La magie de Cendrillon à l'âge des culottes courtes
Il appartient au cahier des charges de toute compagnie lyrique de se soucier du public de demain. À ce titre, rien ne vaut une initiation dès les premiers âges. L'Opéra de Liège ouvre sa saison pour les plus jeunes avec une adaptation de la Cendrillon de Pauline Viardot, opus de chambre certes en marge du répertoire, mais non dépourvu de séduction, et que l'effectif réduit qu'il exige sied particulièrement aux programmes d'académie ou d'opéra studio – Favart l'avait d'ailleurs mis à l'affiche il y a quelques années dans un tel contexte.

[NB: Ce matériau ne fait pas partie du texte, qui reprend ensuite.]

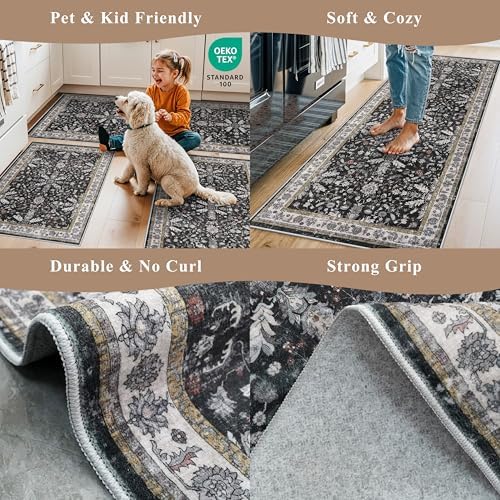 2x6 Washable Kitchen Runner Rug – Non-Slip Boho Vintage Carpet Runner - Image 5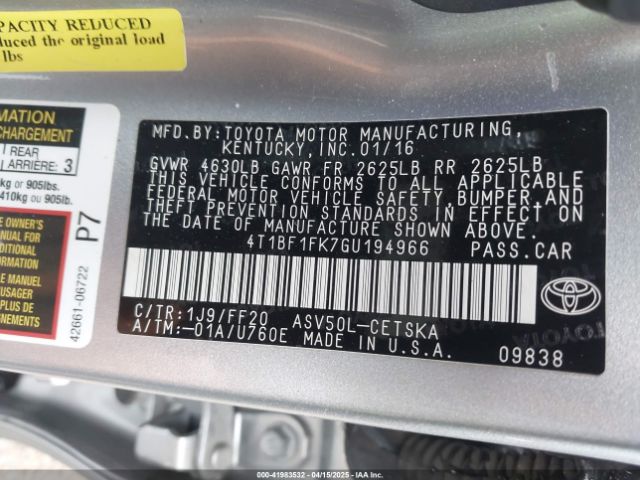 4T1BF1FK7GU194966 Toyota CAMRY SE
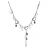 Collier argent rhodié avec pampilles coeurs et pierres violettes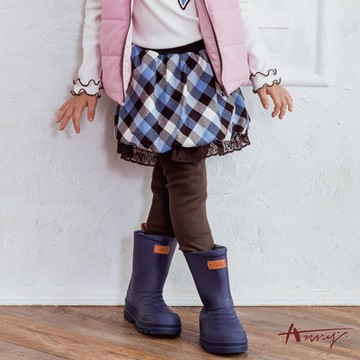 Annys安妮公主-清甜藍格紋蕾絲邊秋冬款假兩件鬆緊裙褲*0470水藍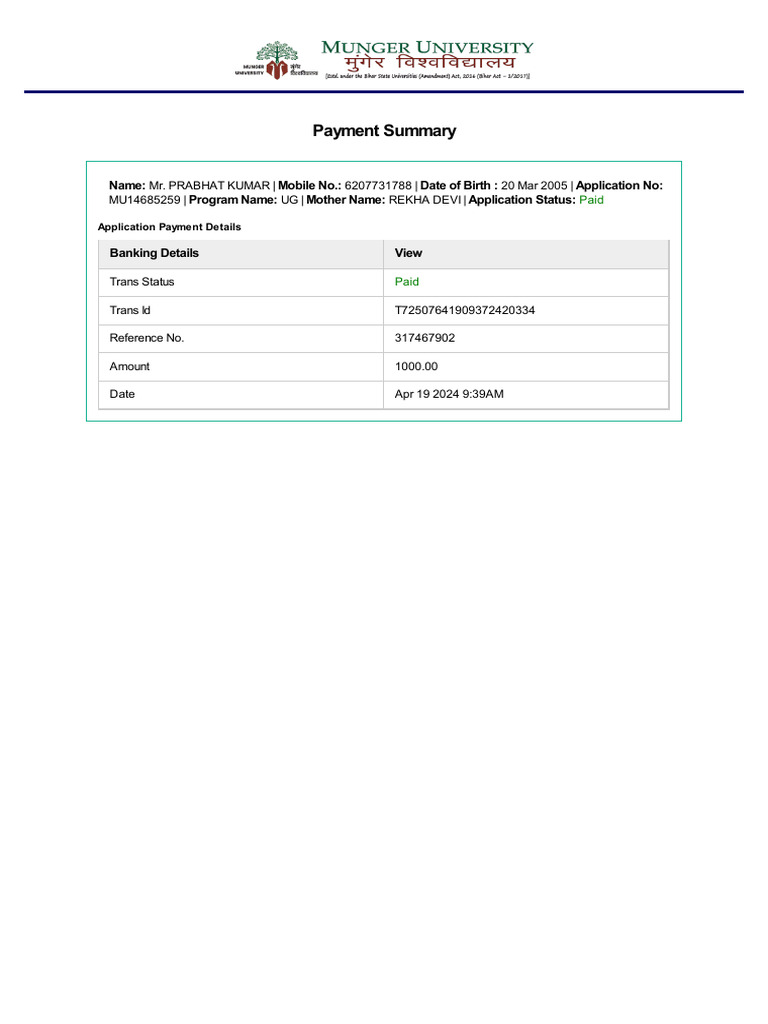 UG Application Payment Summary | PDF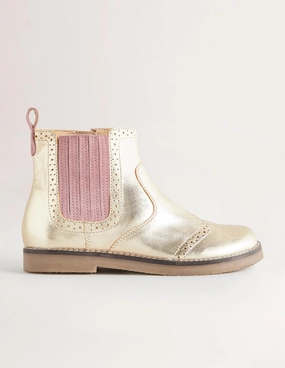Chelsea Boots-Gold Metallic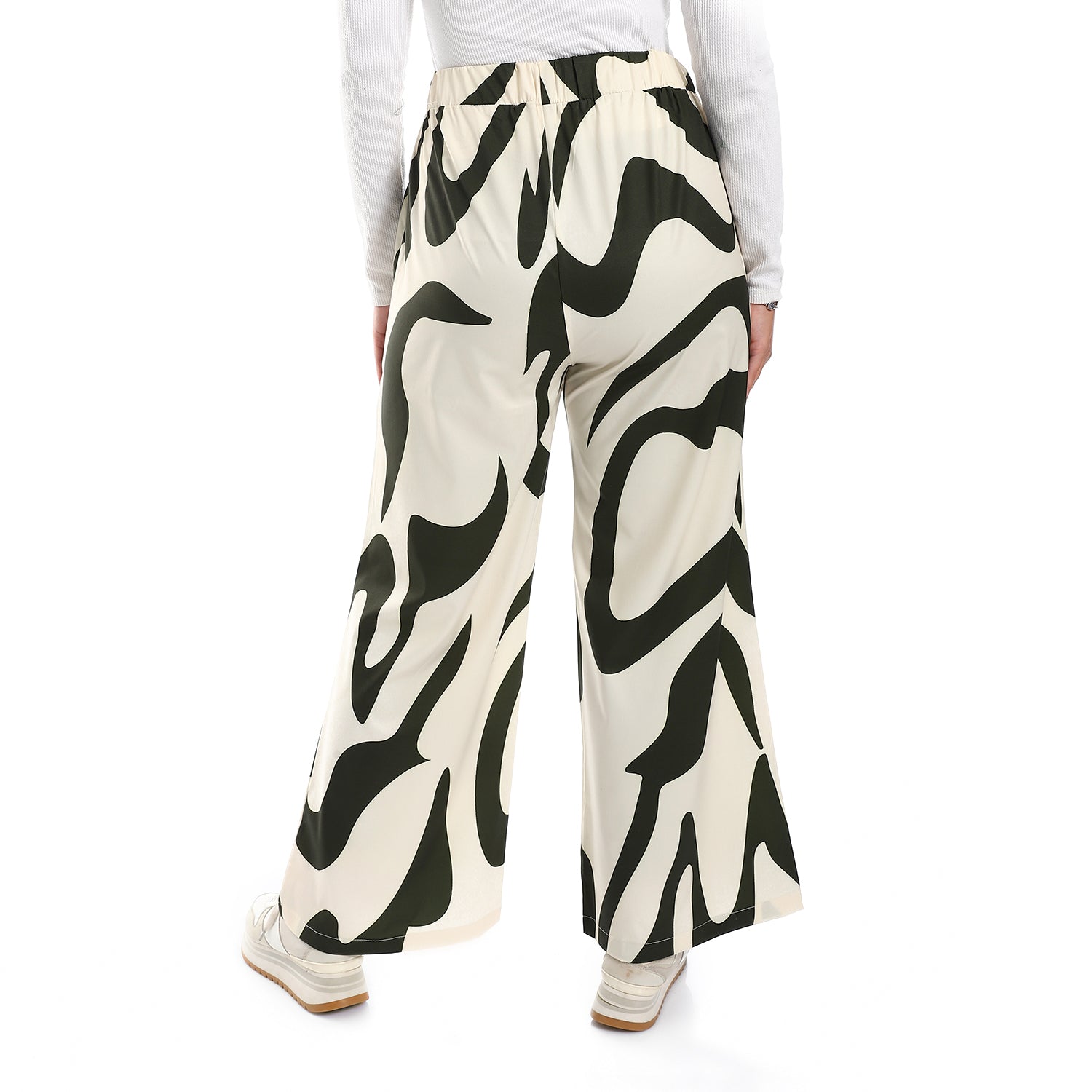 Self Pattern OLIVE & BEIGE Wide Leg Casual Pants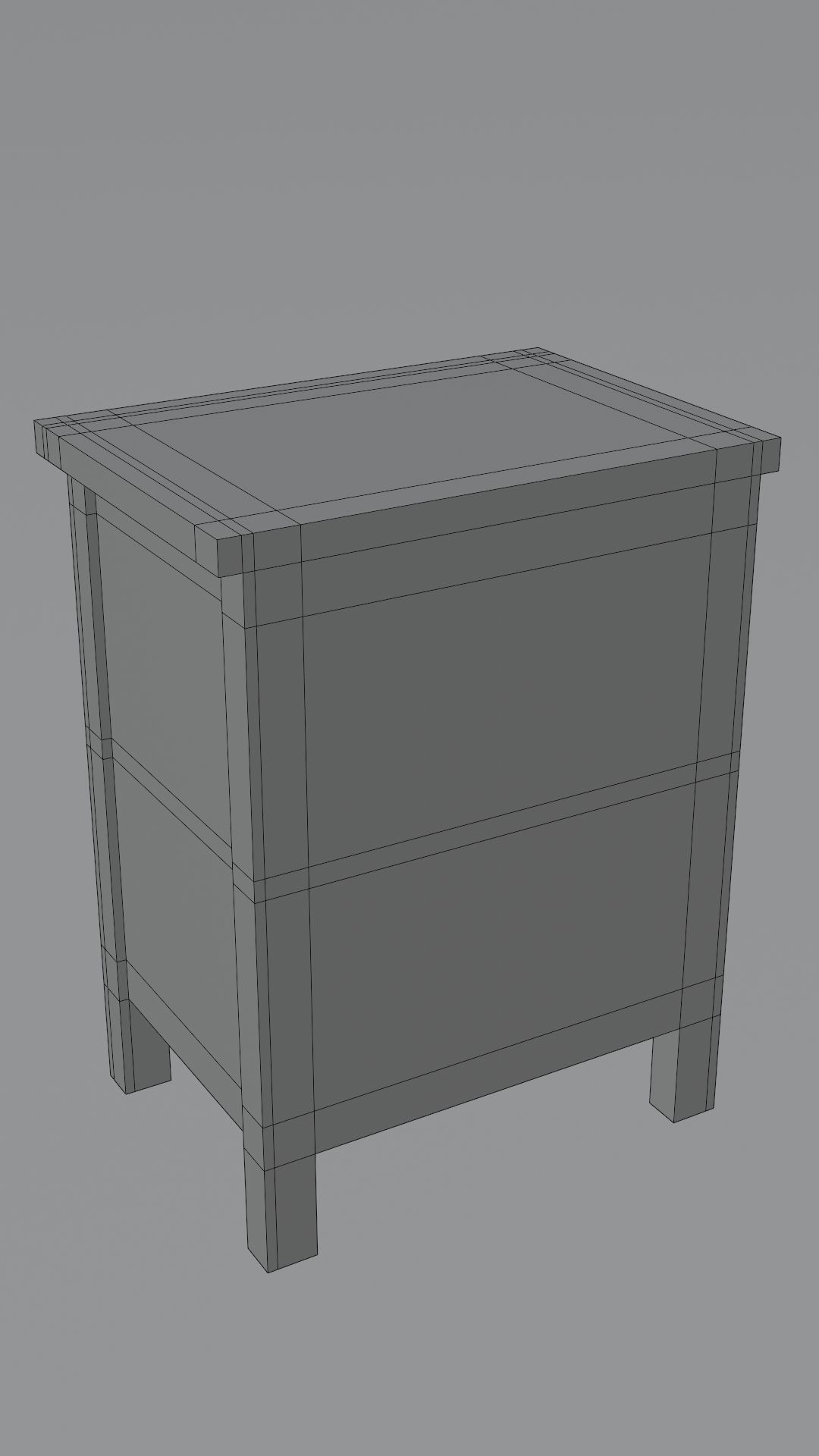 Chest of 2 drawers Low-poly 3D model_19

Si l'institution lyrique wallonne ne possède pas de troupe junior, elle a noué ici un partenariat avec la Chapelle Musicale Reine Elisabeth et l'IMEP (Institut Supérieur de Musique et de Pédagogie) de Namur, dans le cadre d'une tournée des festivals de Wallonie qui se termine à Liège.
Le
travail de Davide Garattini Raimondi tire parti des caractéristiques
particulières de la salle Rossius, au neuvième étage du bâtiment, que l'on
rejoint par un ascenseur avec vue panoramique sur la ville. En entrant dans ce
qui sert également pour les répétitions, et dont les dimensions plus intimistes
conviennent mieux à un auditoire en culottes courtes, l'on aperçoit un homme
somnolant dans un fauteuil tournant le dos à la scène. C'est le Baron Pictordu,
le père de Cendrillon et de ses deux demi-sœurs. L'intrigue s'ouvre sur
l'échange de costumes entre le Prince, charmé par une jeune fille en tenue de
servante, et Barigoule. Le ton est donné : les gags explicites prennent le
pas sur la narration musicale, pour maintenir en éveil une attention et des zygomatiques
à la distraction facile. Après le numéro de divas appuyant le ridicule des deux
prétentieuses demoiselles Pictordu, la Fée se fait le médium de l'histoire,
encourageant les petites têtes blondes à reprendre en chœur quelques thèmes
aux allures de comptine, voire en sollicitant la participation de l'une d'entre
elles. D'abord timides, les doigts se disputent ensuite les faveurs d'un petit
numéro sur le plateau. Dans cette atmosphère bon enfant, les costumes de Giada Masi apportent des pastels généreux, chatoyant sous les lumières de Paolo Vitale. L'effet de merveilleux ne manque pas pour le tulle délicat et les
souliers qui servent de transformation aristocratique de Cendrillon, tandis que
les ombres dessinent un carrosse.
Dans ce sympathique écrin visuel, à portée des plus petits, se déploient de jeunes gosiers investis, attentifs à caractériser leurs incarnations. Julie Gebhart affirme une Cendrillon gracile, élégante, douée d'une sonorité agréablement fruitée qui résume autant la séduisante fraîcheur que l'innocence d'un personnage nourri par ses rêves. Elle partage cette fluidité et cette finesse avec la Fée de Sarah Defrise, qui met en valeur les lignes aériennes de son intervention, sans avoir besoin de forcer une virtuosité naturellement condensée par l'adaptation. Julie Bailly et Natacha Kowalski forment en Armelinde et Maguelonne une inénarrable paire d'effrontées, contrastant autant dans leurs voix que dans leur jeu, au-delà des mimétismes – à sens unique. Côté messieurs, Xavier Flabat imprime un lyrisme certain au Prince, plus sensible néanmoins aux mots qu'aux couleurs de l'émission. Le solide Pierre Romainville se glisse avec gourmandise dans la défroque de Barigoule, quand Jacques Calatayud assume un vil Baron Pictordu sous une apparence débonnaire. Sous les doigts de Véronique Tollet, le piano tresse le canevas nécessaire d'un spectacle avant tout pédagogique, applaudi autant par les spectateurs en herbe que leurs accompagnateurs.